● **Your task**: Take the line with "Pensioni, quota 41" and the rest of the lines after it, to the end of the entries, and restate them exactly.

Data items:
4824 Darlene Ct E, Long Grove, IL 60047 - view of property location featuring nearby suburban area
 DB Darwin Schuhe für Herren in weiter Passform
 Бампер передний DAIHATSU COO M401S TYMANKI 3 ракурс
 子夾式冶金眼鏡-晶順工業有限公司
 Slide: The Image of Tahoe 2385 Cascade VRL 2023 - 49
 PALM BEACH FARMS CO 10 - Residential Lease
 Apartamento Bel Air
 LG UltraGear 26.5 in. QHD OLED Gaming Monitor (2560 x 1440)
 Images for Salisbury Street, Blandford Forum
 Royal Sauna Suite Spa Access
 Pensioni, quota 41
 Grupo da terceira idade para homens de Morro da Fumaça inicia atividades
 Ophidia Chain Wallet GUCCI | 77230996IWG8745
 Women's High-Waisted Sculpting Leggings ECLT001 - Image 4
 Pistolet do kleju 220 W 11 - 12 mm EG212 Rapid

● **The answer**:
 Pensioni, quota 41
 Grupo da terceira idade para homens de Morro da Fumaça inicia atividades
 Ophidia Chain Wallet GUCCI | 77230996IWG8745
 Women's High-Waisted Sculpting Leggings ECLT001 - Image 4
 Pistolet do kleju 220 W 11 - 12 mm EG212 Rapid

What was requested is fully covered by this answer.